こわいひとにはこわいかも、こわくないひとにはこわくないやん、な実体験
読経
これは、私が就職して数年たった頃の話。
『足音』事件の後。
私は、ベッドの位置を変えた。
そんなことでどうこうなるわけもないのだが、当時の私は大真面目であった。
ベッドを南向き全面にある窓辺にぴたりとつけ、西枕で眠るようになった。
窓からは、家の前の道路を挟んで建つ家がはっきりと見える。
ここの家は多少複雑な家庭だったのだが、だからこそなのか、家人のひとりであるお婆さんは、朝と晩と、一日二回の読経を欠かしたことがなかった。
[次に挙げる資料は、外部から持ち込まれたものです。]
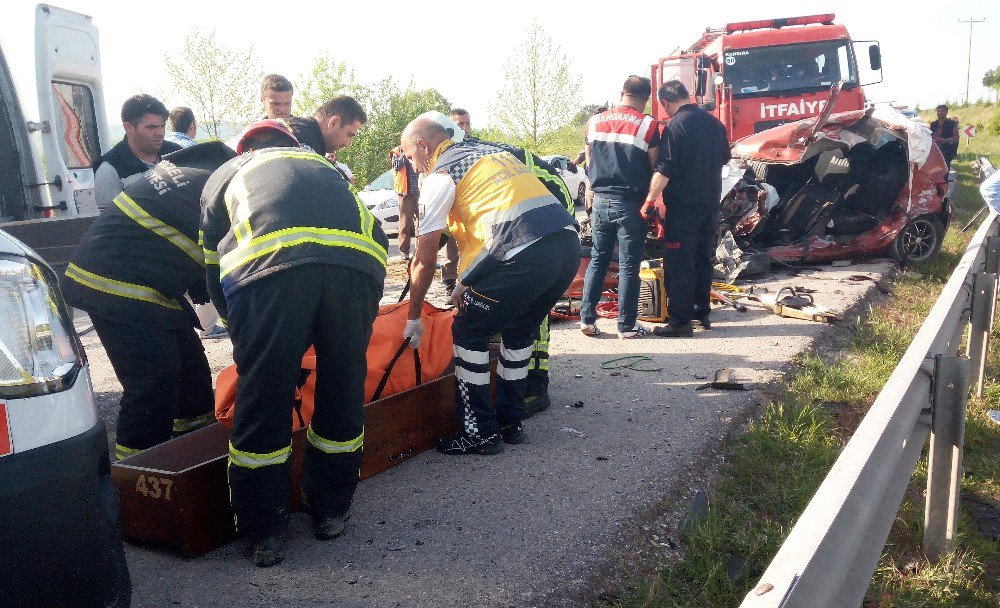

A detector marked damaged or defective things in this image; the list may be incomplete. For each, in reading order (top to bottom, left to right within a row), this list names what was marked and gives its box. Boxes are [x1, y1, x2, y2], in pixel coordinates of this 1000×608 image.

severely damaged red car [724, 104, 948, 264]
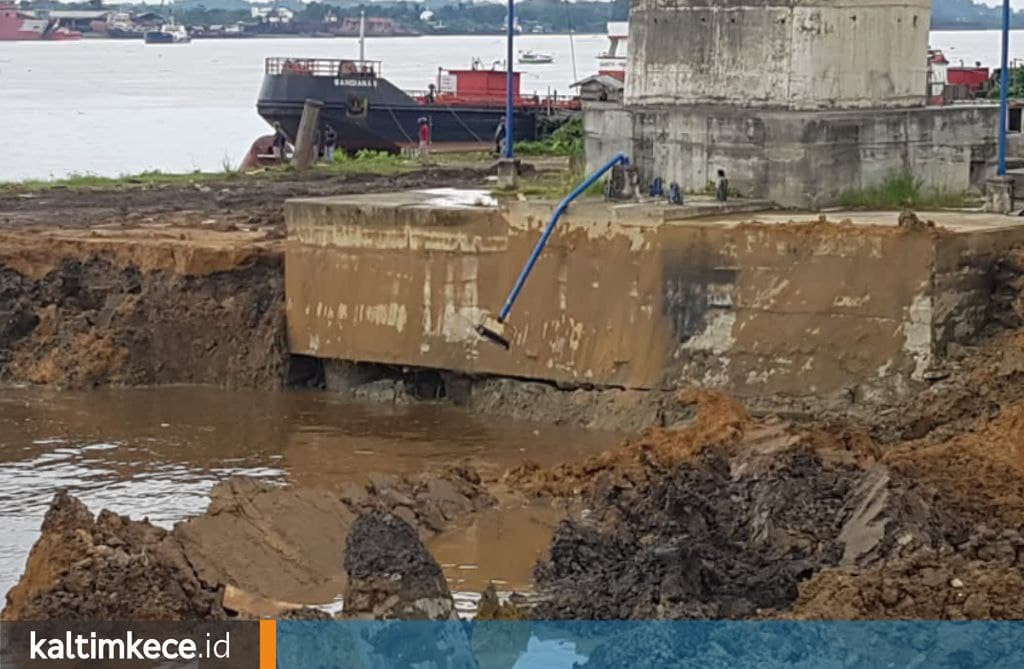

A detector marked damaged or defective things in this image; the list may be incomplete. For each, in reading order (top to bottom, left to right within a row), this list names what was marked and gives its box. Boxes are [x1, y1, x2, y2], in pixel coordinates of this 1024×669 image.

bent blue pipe [497, 151, 630, 321]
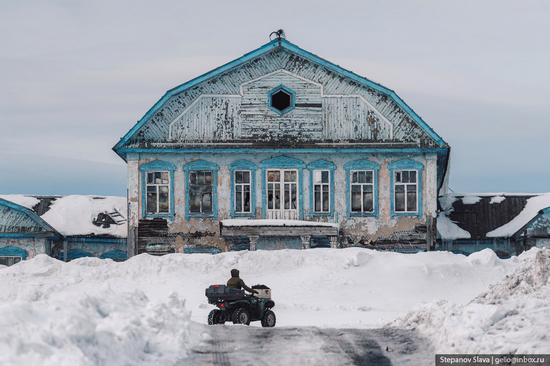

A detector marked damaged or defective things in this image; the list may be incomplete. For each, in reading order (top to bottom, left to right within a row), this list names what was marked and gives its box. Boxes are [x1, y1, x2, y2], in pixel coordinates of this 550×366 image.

broken window [147, 172, 170, 214]
broken window [191, 171, 215, 214]
broken window [237, 170, 254, 213]
broken window [314, 170, 332, 213]
broken window [352, 171, 378, 213]
broken window [394, 170, 420, 213]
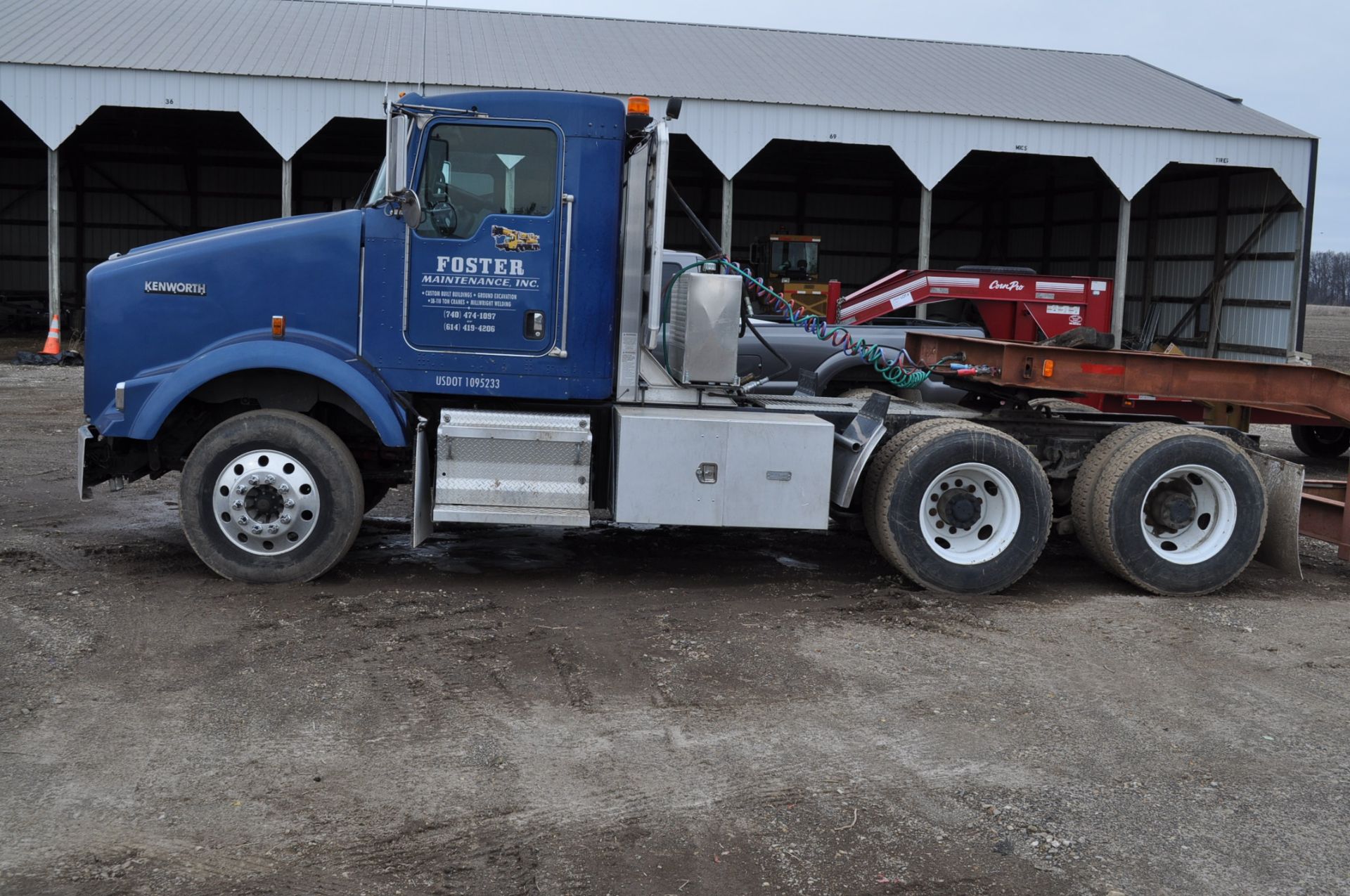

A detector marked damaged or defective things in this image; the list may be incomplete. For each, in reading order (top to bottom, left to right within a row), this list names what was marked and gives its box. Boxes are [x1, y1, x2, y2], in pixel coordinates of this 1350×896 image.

rusty steel beam [907, 335, 1350, 429]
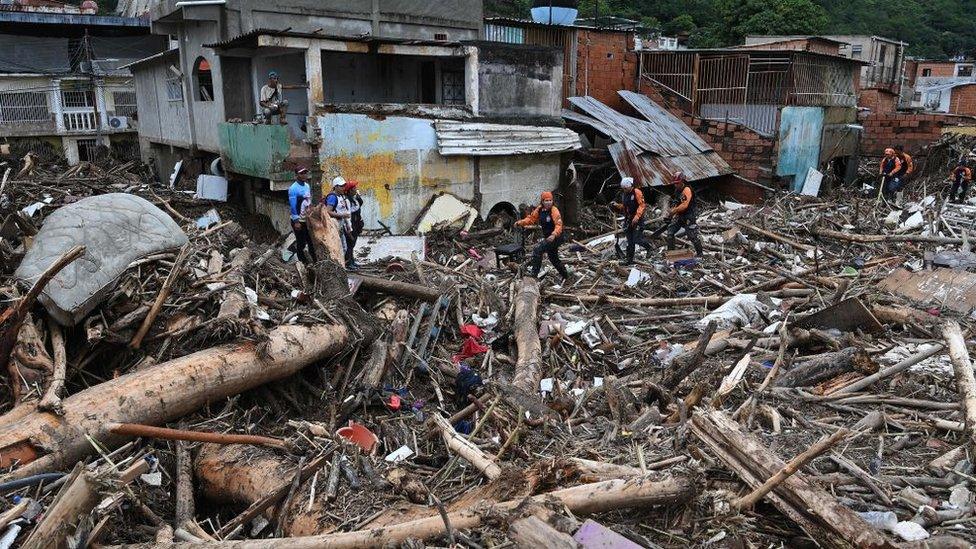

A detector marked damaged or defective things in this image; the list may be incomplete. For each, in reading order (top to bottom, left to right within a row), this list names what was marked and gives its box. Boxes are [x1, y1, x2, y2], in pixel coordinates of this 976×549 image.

damaged roof [434, 121, 580, 156]
damaged roof [564, 93, 732, 187]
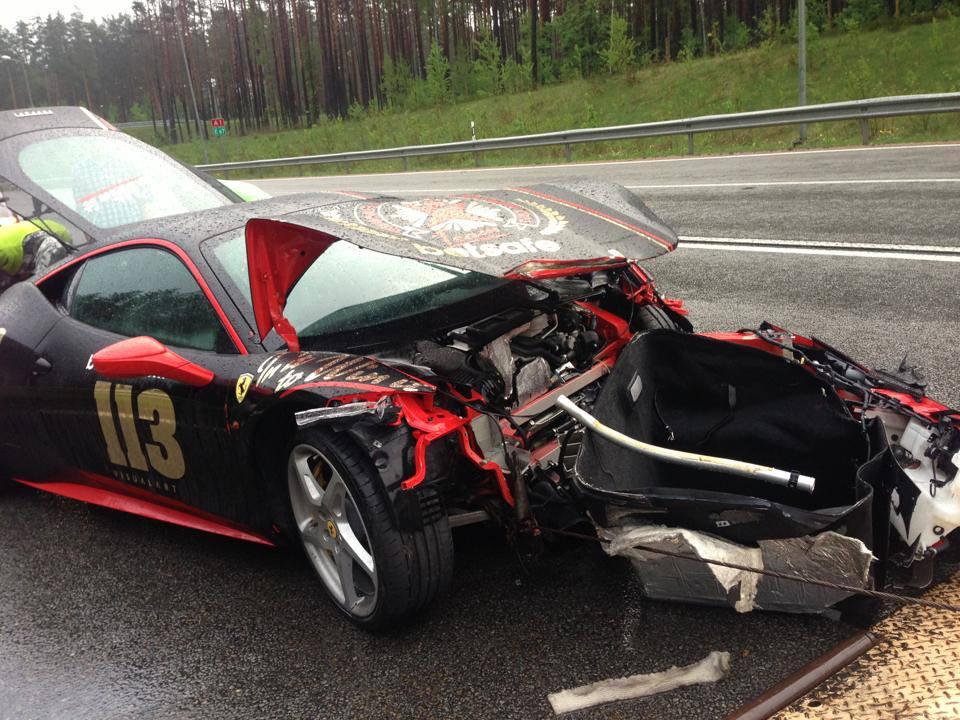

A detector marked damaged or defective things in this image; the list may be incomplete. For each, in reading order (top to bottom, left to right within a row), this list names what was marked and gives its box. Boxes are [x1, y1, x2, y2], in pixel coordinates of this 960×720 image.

腰がくっきりと90度に折曲っているため、身長が130センチほどしかない小柄なお婆さんだったが、その体の何処からと思われる張りのある声で、お経を読み上げる。
暑くなってくると窓を開けるため、その声は此方のまで一言一句まるごと届く。
朝6時と夕方6時の二回の読経が聴こえてくると、夏が来たなあと思い、涼しくなってぴたりと止む虫の音のように聴こえなくなると、秋が来たなあと家族で笑いあったものだった。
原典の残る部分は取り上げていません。